Meat worker dispute in stand-off

2:00 pm on 3 May 2012

The Meat Workers Union and the freezing works company AFFCO are in a stand-off as the Employment Relations Authority prepares to step in.

Strike action has been taking place since the end of February this year as the parties battle over a collective contract.

On Wednesday, AFFCO lifted lock-out notices on about 300 workers, who then voted to strike in solidarity with 450 colleagues still locked out.

The union says it won't lift its strike action until the company completely withdraws its lock-out notice, which the company says it won't do until the union stops the strike.

AFFCO operations manager Rowan Ogg says the company had offered to let all workers return over a couple of weeks, but wanted the strike notice lifted as a good will gesture. He says the union refused.

Union spokesman Dave Eastlake says union negotiators suggested a gradual lifting of the lock-out over two weeks, but were rebuffed by AFFCO.

He says union members won't go back to work until they're assured that everyone will be allowed back.

Mr Eastlake says he hopes the Employment Relations Authority can set a date for the facilitation hearing on Thursday. More mediation is set down for Monday and Tuesday.

Demand for food parcels

Food parcels are provided by a Wairoa resource centre.

Food parcels are provided by a Wairoa resource centre.
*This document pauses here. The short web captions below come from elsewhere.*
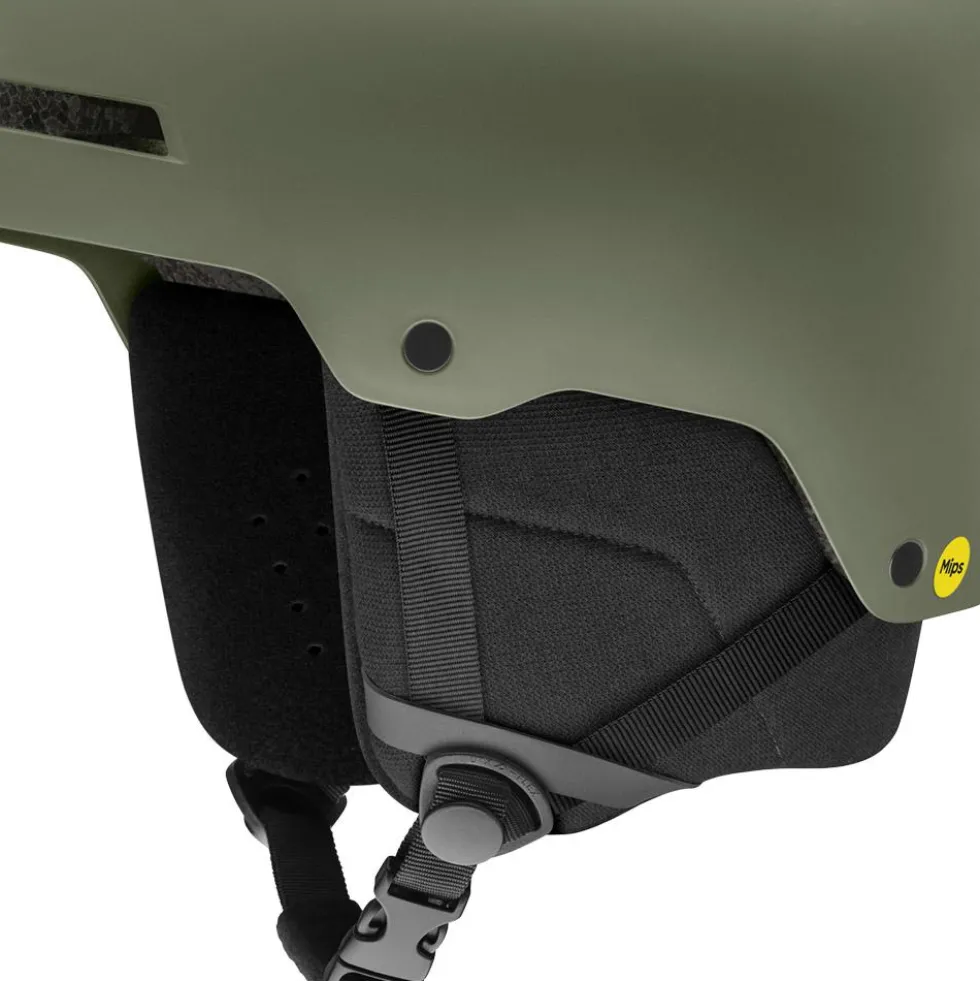 Casco Smith Rodeo Mips Matte Fatigue Green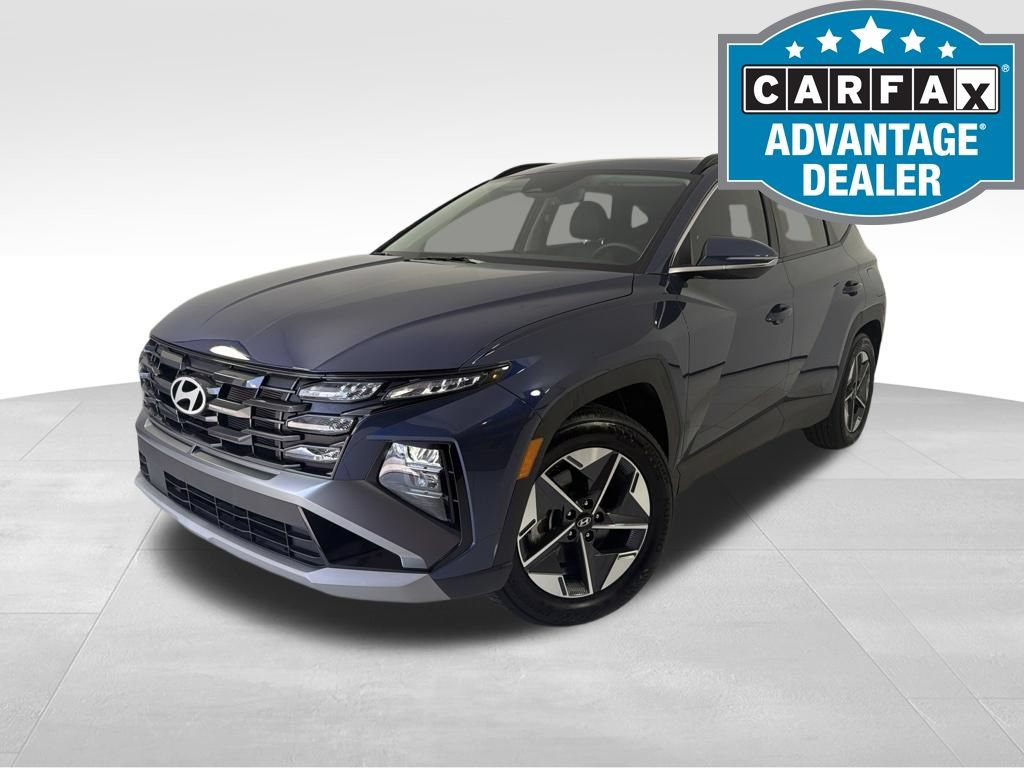 Used 2025 Hyundai Tucson SEL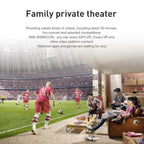 3D Virtual Reality Helmet VR Glasses With Bluetooth Headset, G04BS, G04BS+B01 Handle, G04BS+B03 Handle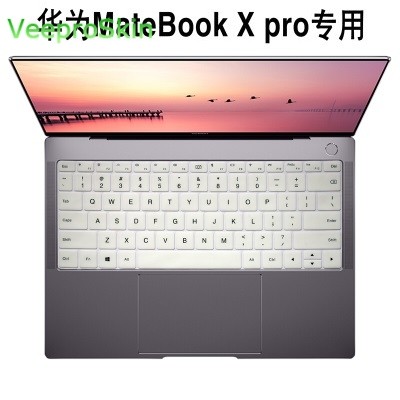 Laptop Keyboard Cover Protector Skin Silicone For Huawei Matebook X Pro 13.9" 2018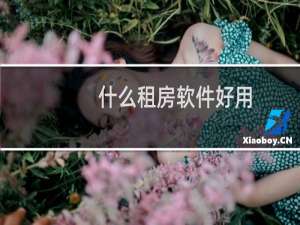 什么租房软件好用
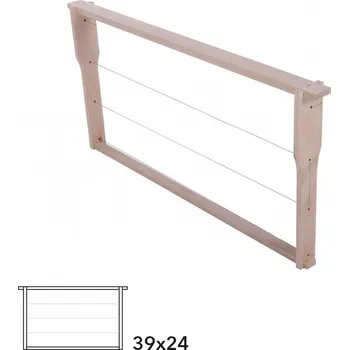 Rámek 39x24 vodorovně Hoffman, Lípa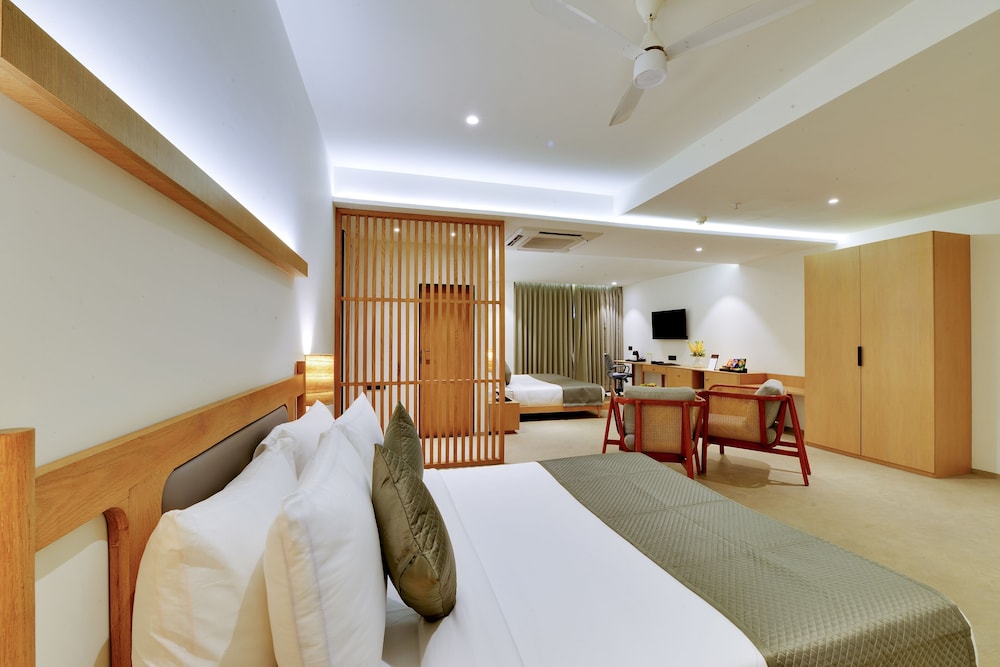 The Fern Vishranta Resort Kamrej-Surat, Series by Marriott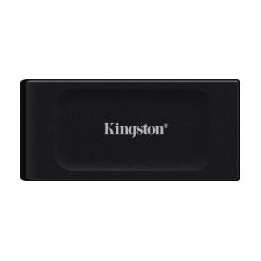 SSD Kingston 1Tb USB-C 3.1 Negro (SXS1000/1000G)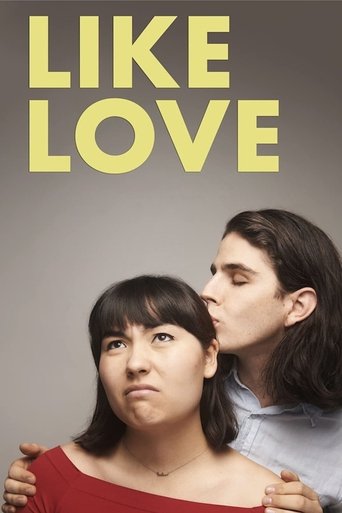Like Love Poster of Like Love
Photo: RNZ

More than 100 unionised meatworkers at AFFCO's sheep and beef plant in Wairoa have been locked out for nine weeks.

The company is the biggest employer in the town and volunteers at a resource centre in Wairoa say there is a growing demand from locked out workers for essential household items and non perishable food.
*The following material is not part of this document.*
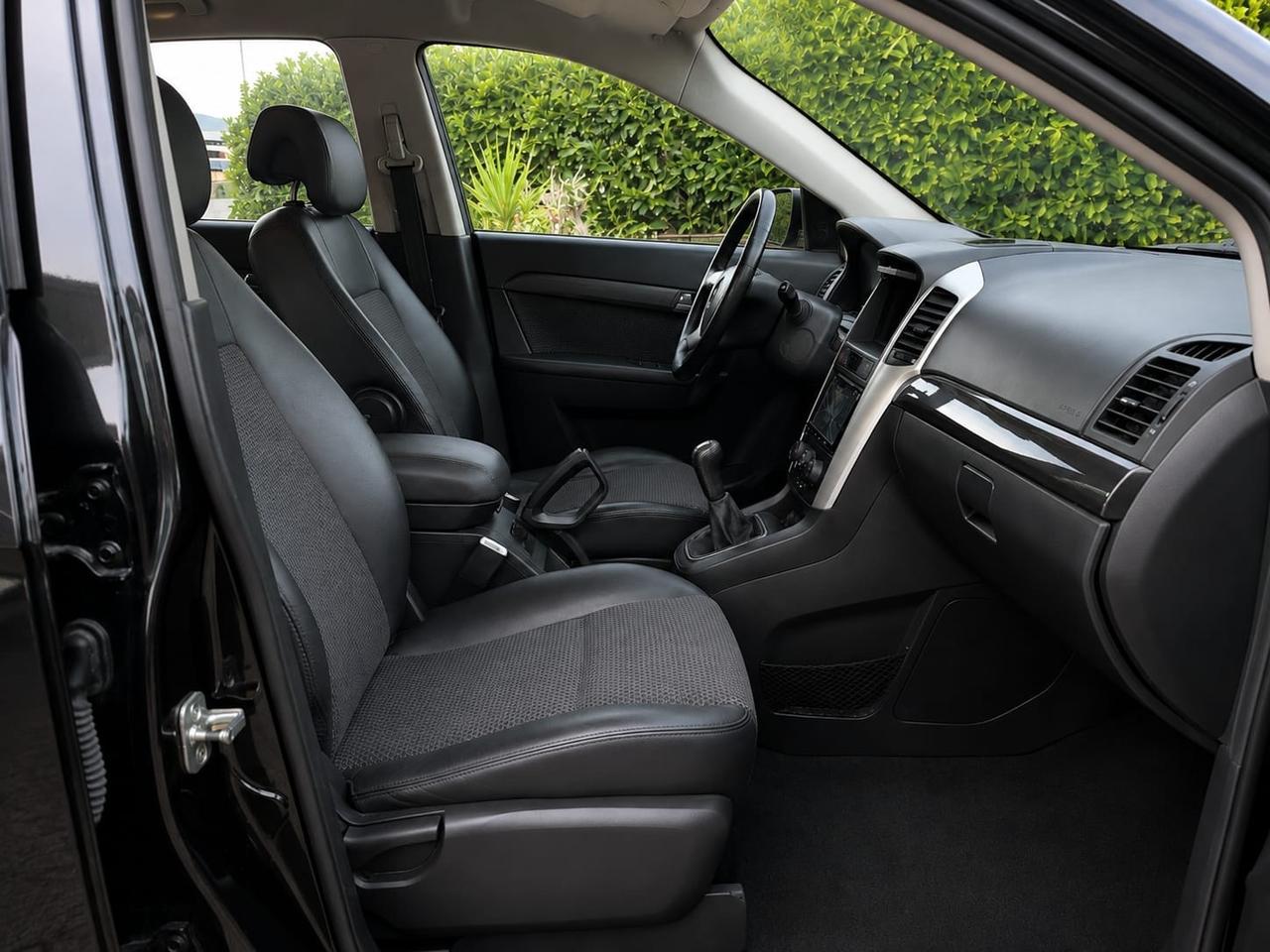 Chevrolet Captiva 2.0 VCDi 150 CV 7 POSTI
Terese Turipa who administers the centre, says every week about 250 families from all over Northern Hawke's Bay and some from Gisborne collect food parcels.
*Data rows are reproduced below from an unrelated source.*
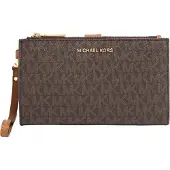 Michael Kors Porte-monnaies marron / marron châtaigne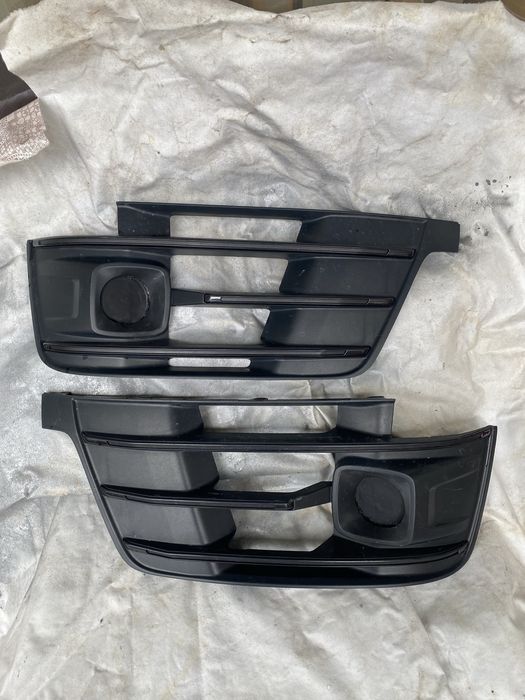 ОРИГИНАЛНА Решетка/Маска за AUDI Q7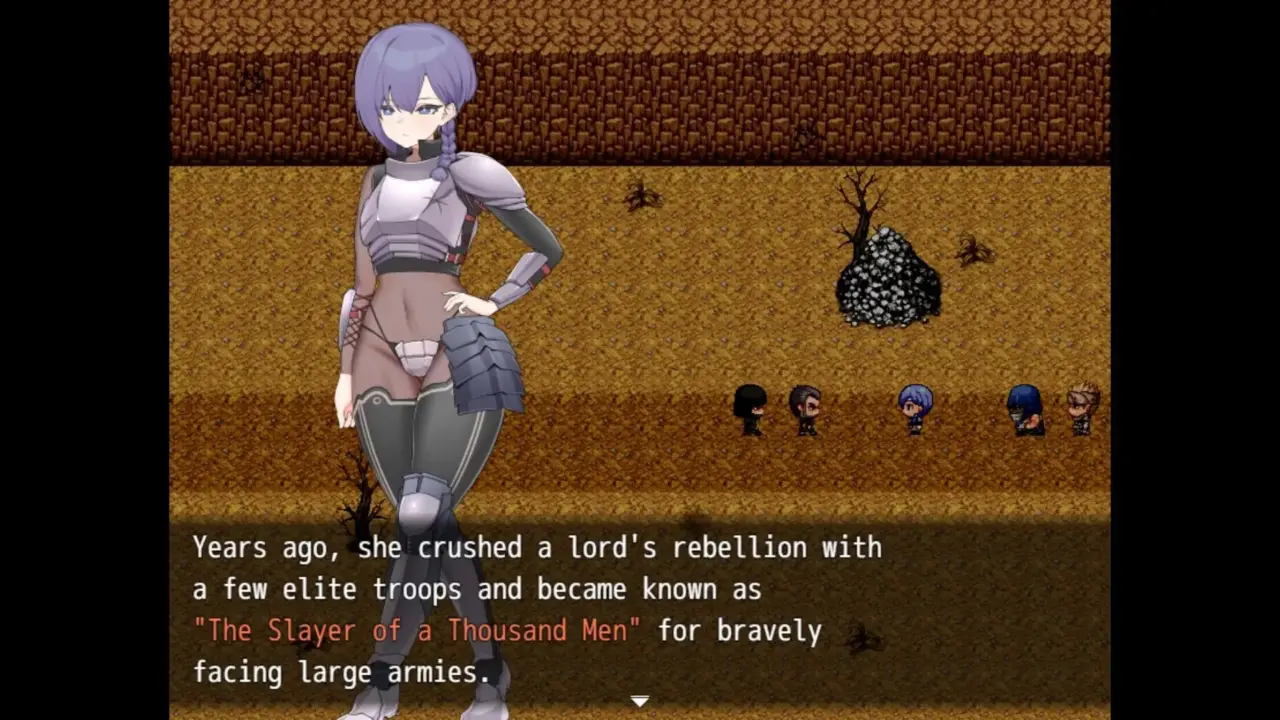 Slave’s Nightmare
Ms Turipa says volunteers are also doing their best to keep locked-out workers and their families positive.

Mayor Les Probert says the industrial dispute is having a negative effect on the town and retailers he's spoken to are suffering.

But he says it is not as bad as two years ago when a dispute between AFFCO management and the Meat Workers Union over a proposed new site agreement went on for about four months.

Rowan Ogg of AFFCO says the dispute is hurting the company but the priority is to obtain a modern, clear and flexible agreement that will take the firm into the future, and the company is not about to compromise that.